The Search for a Church
This happened several years ago and I shared about our experience on a forum. I’m putting it here for posterity.
Date: August 2008 (Holy smokes, Batman – has it been three years?)
Question: I’d be interested in knowing why you’re looking for a church home. You’ve been in this home church for so many years, why leave it?
Short answer: It’s time to move on.
Really, REALLY, Long answer:
When this fellowship started, it was more ‘churchlike’, ie, it did not start out as a home church. There was an actual church building, a pastor, a pulpit, the people sat in rows, etc. This was about 25 years ago. I don’t really know all the details of when it all changed. This was before dh or I came into the picture.
Dh started going in early 1995. By then, the structure had changed to be more home church-y. I started going after we got married (July 1995). When we first started going, there were about 30 people or so.

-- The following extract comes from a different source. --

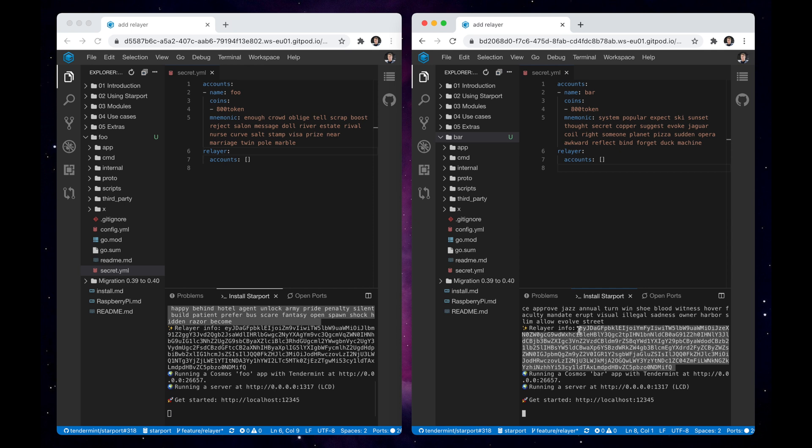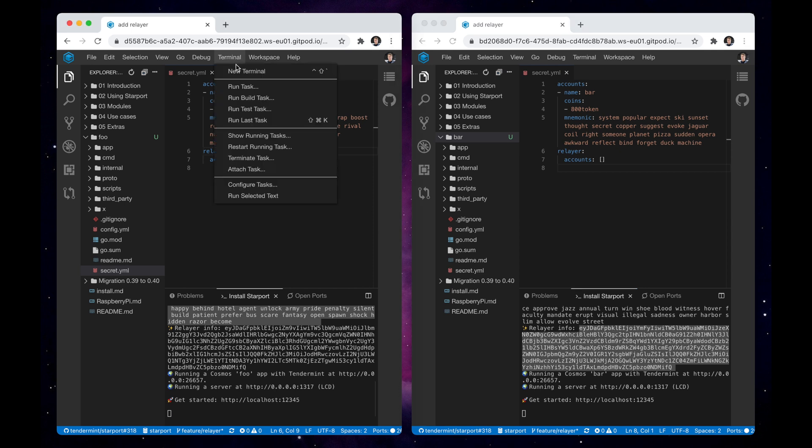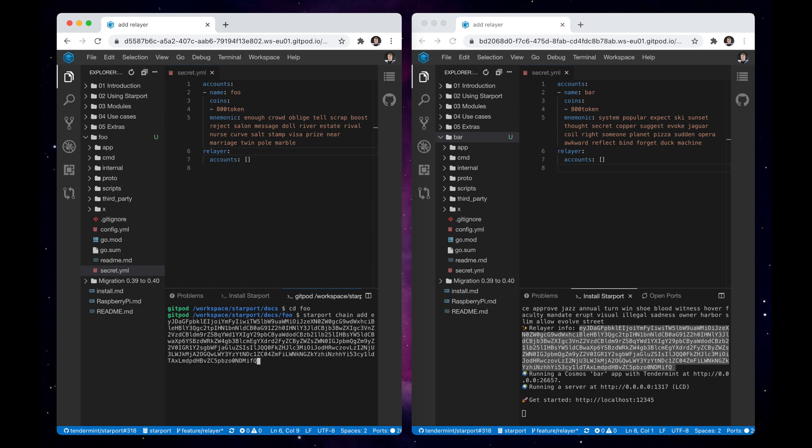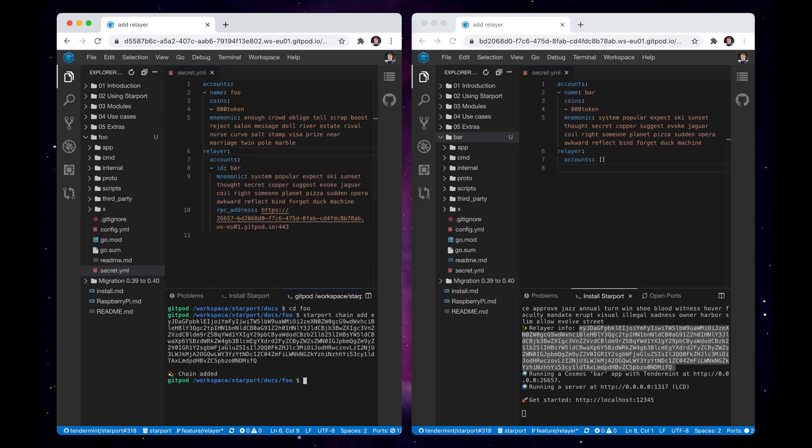First, we copy the relayer info of the second chain and open up a new terminal window on the first chain. We then use the starport chain add command to add a new relayer account. We can see that it is added to the secret.yaml.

Most of us lived within a short distance of the building and of each other. [Personal comment: IMO, this should be the ideal. That way, if anyone needs help, help is readily available.]

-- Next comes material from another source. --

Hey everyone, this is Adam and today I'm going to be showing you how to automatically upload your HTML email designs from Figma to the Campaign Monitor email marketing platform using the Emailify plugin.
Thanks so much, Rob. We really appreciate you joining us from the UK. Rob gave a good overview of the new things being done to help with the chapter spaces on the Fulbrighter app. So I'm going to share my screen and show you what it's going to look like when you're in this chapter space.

At that time (1995), there was one very strong leader. He was one of the ones to ‘catch the vision’ of transforming the fellowship into a home church type of fellowship, if I have my facts right. (He is also an ordained minister, and was one of the pastors (if not THE pastor) of the ‘original’ church.) In 1996, he felt the need to allow the fellowship to go on without him because he felt that he was dominating the meetings too much. [Personal comment: He was. But then again, that’s his personality! I think he has some kind of ADHD – he’s always, always moving from project to project.]
In 1996, dh and I moved to our own home (we had previously been living with dh’s sister), but still not too far from the church building. Our good friend, G, helped us move. G was from that church.

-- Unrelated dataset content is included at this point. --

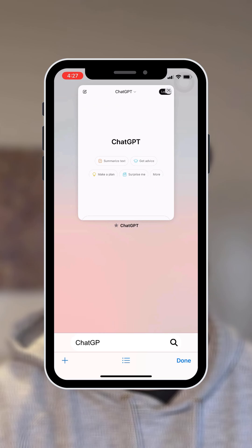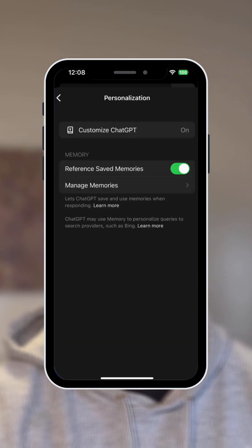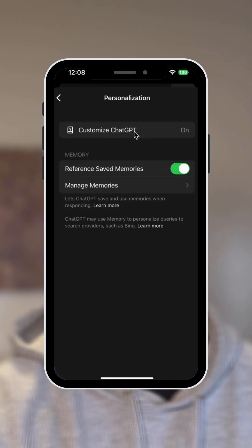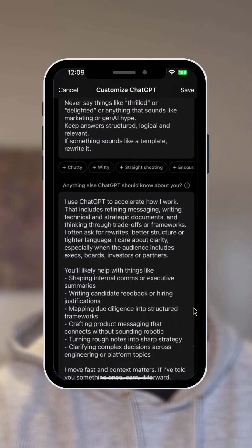You open ChatGPT and in settings you look for Customize GPT. You'll see a form, and you can even ask ChatGPT to fill it for you.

In 1997, another family moved as well. They moved much further away and it was no longer practical for them to continue coming.
In 1998, another family did the same thing. They would come and visit once every few months.
One of the families, the “S” family, in addition to having fellowship with us in the morning, was also having a meeting in their home in the afternoons. Around this time, they felt that it was too much of a strain to continue committing to both, and so they invited their afternoon fellowship friends to join us in the morning. Two families joined us, but not long after, one of them left to join a different church.
In 2000, the “S” family moved. I think they still continued coming. Then, in 2002, they moved even further away and they no longer came weekly – I think they only came once every few months. Now, they have moved even further away (they’re in the Middle East at the moment!) and we see them if/when they come back on holiday.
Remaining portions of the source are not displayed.